从hdfs下载文件或文件夹到本地目录
当集群是高可用时,配置hdfs访问地址:
当集群是ha高可用时,namenode为多节点,当namenode为standby时是不能被访问hdfs的,需要灵活的指定namenode,不能使用普通的hdfs地址,
高可用需要用nameservice去访问,每个hadoop的hdfs集群的配置是不一样的,因为nameservice的配置不同,需要把集群的hdfs-site.xml文件放到maven的resource目录中,configuration会自动加载resource中配置文件,hdfs://nameserivice/user/expr,直接用nameservice替换集群地址
URI:hdfs://nodexx:8020/user/hive/warehouse 修改为hdfs://nameservice1/user/hive/warehouse 即可。
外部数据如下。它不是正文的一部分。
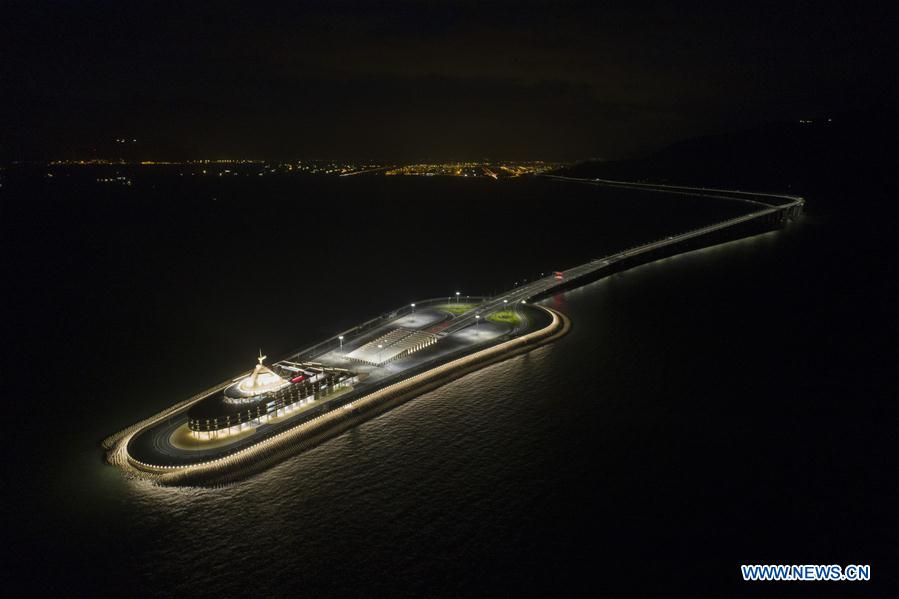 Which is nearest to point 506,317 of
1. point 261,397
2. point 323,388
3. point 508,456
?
point 323,388

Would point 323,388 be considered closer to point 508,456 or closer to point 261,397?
point 261,397

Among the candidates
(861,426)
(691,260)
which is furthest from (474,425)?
(691,260)

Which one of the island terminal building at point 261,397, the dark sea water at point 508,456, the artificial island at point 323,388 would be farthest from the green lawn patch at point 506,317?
the island terminal building at point 261,397

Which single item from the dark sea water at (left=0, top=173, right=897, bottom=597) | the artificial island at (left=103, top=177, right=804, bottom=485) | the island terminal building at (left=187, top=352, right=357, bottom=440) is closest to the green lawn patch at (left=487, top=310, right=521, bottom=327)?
the artificial island at (left=103, top=177, right=804, bottom=485)

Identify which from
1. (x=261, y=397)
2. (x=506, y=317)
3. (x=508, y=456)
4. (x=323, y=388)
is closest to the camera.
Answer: (x=508, y=456)

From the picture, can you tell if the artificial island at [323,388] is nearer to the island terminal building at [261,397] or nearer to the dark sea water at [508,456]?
the island terminal building at [261,397]

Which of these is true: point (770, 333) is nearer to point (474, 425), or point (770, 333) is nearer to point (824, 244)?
point (474, 425) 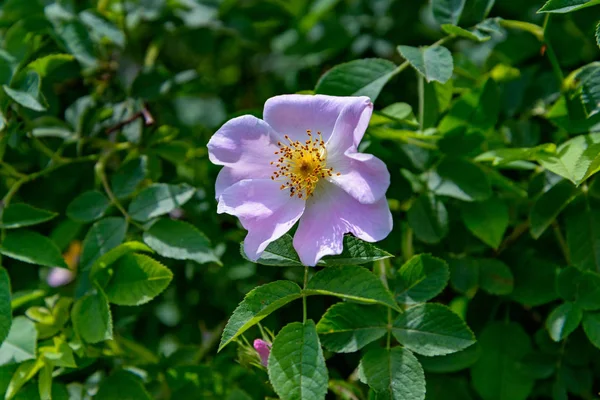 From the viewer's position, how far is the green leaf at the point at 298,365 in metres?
1.04

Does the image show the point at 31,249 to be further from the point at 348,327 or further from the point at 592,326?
the point at 592,326

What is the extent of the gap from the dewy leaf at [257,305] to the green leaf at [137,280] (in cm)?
24

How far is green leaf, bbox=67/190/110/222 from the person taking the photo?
1.47 meters

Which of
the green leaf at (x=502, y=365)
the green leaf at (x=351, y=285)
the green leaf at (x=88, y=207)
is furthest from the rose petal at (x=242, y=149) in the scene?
the green leaf at (x=502, y=365)

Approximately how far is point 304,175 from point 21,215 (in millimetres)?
590

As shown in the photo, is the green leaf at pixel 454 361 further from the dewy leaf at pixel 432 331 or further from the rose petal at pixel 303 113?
the rose petal at pixel 303 113

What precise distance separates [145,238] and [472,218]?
653 millimetres

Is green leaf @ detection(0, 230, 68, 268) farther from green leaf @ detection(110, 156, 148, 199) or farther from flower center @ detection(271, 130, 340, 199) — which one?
flower center @ detection(271, 130, 340, 199)

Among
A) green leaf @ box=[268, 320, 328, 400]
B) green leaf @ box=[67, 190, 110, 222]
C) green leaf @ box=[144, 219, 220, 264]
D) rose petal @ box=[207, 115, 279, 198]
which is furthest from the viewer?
green leaf @ box=[67, 190, 110, 222]

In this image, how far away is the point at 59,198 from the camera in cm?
173

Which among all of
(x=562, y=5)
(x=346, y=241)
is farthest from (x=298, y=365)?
(x=562, y=5)

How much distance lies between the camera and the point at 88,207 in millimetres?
1485

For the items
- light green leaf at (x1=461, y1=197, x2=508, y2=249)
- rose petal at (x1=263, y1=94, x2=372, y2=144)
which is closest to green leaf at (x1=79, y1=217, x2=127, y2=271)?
rose petal at (x1=263, y1=94, x2=372, y2=144)

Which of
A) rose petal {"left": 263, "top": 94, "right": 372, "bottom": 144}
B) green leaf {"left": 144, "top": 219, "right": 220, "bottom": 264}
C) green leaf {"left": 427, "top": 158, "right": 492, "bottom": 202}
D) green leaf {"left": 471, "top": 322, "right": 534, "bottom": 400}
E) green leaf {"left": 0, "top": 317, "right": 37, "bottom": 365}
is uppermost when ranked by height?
rose petal {"left": 263, "top": 94, "right": 372, "bottom": 144} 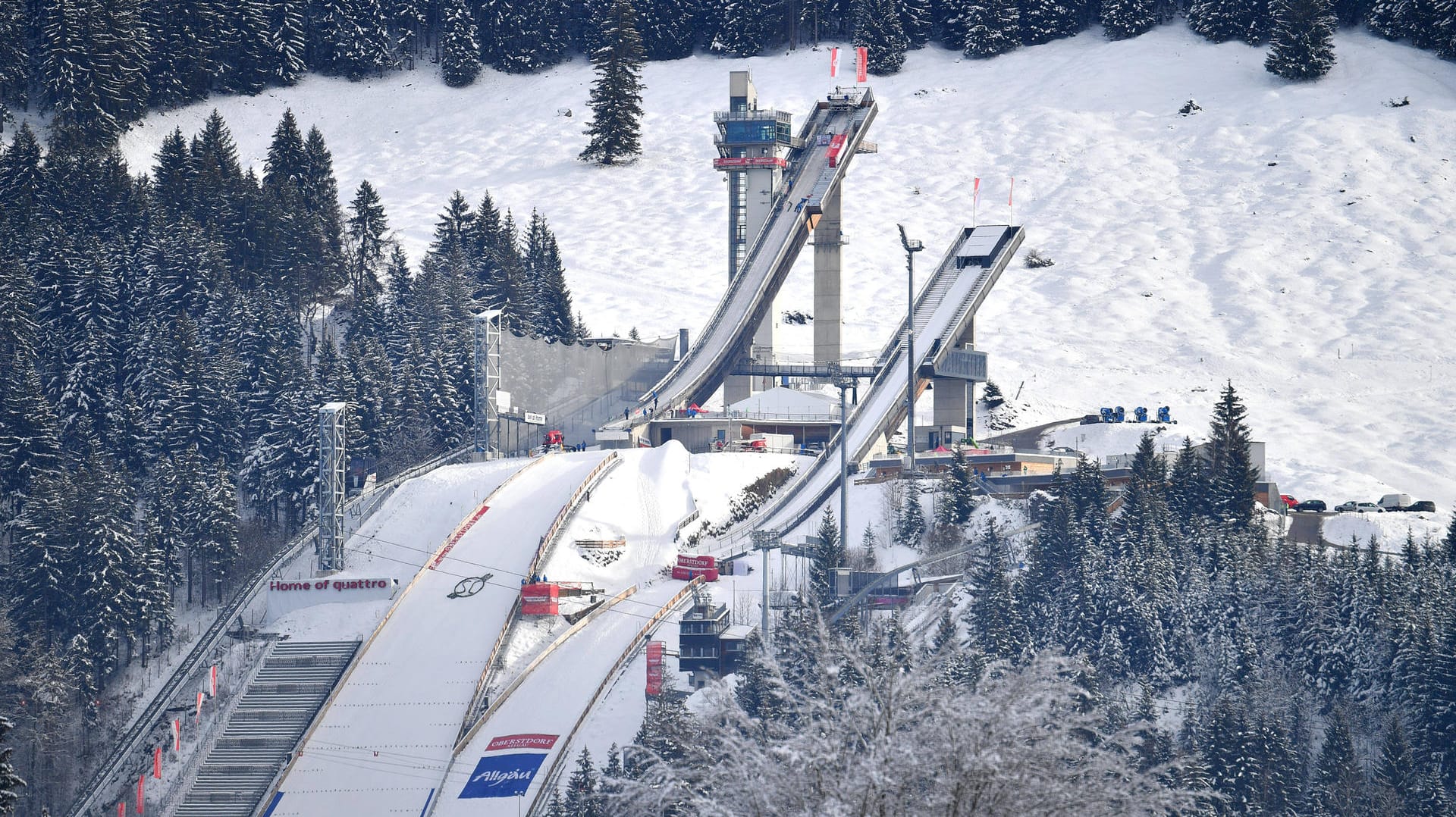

参考文章:http://blog.csdn.net/kwu_ganymede/article/details/49097591
http://gaojiehigh.iteye.com/blog/1575006
代码示例,从hdfs下载文件和文件夹
package com.data;
import java.io.File;
import java.io.FileOutputStream;
import java.net.URI;
import org.apache.hadoop.conf.Configuration;
import org.apache.hadoop.fs.FileSystem;
import org.apache.hadoop.fs.FSDataInputStream;
import org.apache.hadoop.fs.FileUtil;
import org.apache.hadoop.fs.Path;
import org.apache.hadoop.fs.FileStatus;
import org.apache.hadoop.io.IOUtils;
public class HDFS_Download {
public static FileSystem hdfs;
public static void downloadFile(String srcPath, String dstPath) throws Exception {
FSDataInputStream in = null;
FileOutputStream out = null;
try {
in = hdfs.open(new Path(srcPath));
out = new FileOutputStream(dstPath);
IOUtils.copyBytes(in, out, 4096, false);
} finally {
IOUtils.closeStream(in);
IOUtils.closeStream(out);
}
}
public static void downloadFolder(String srcPath, String dstPath) throws Exception {
File dstDir = new File(dstPath);
if (!dstDir.exists()) {
dstDir.mkdirs();
}
FileStatus[] srcFileStatus = hdfs.listStatus(new Path(srcPath));
Path[] srcFilePath = FileUtil.stat2Paths(srcFileStatus);
for (int i = 0; i < srcFilePath.length; i++) {
String srcFile = srcFilePath[i].toString();
int fileNamePosi = srcFile.lastIndexOf('/');
String fileName = srcFile.substring(fileNamePosi + 1);
download(srcPath + '/' + fileName, dstPath + '/' + fileName);
}
}
public static void download(String srcPath, String dstPath) throws Exception {
if (hdfs.isFile(new Path(srcPath))) {
downloadFile(srcPath, dstPath);
} else {
downloadFolder(srcPath, dstPath);
}
}
public static void main(String[] args) throws Exception{
String hdfsStr = "hdfs://xl.namenode1.coocaa.com:8020/apps/external/hive/jscn_sdata/jscn_base_all_mac";
String localStr = "C:\\Users\\awm-z\\Downloads\\hdfs_jscn";
Configuration conf = new Configuration();
hdfs = FileSystem.get(URI.create(hdfsStr),conf);
download(hdfsStr,localStr);
// if (args.length != 2) {
// System.out.println("Invalid input parameters");
// } else {
// try {
// Configuration conf = new Configuration();
// hdfs = FileSystem.get(URI.create(args[0]), conf);
// download(args[0], args[1]);
// } catch (Exception e) {
// System.out.println("Error occured when copy files");
// }
// }
}
}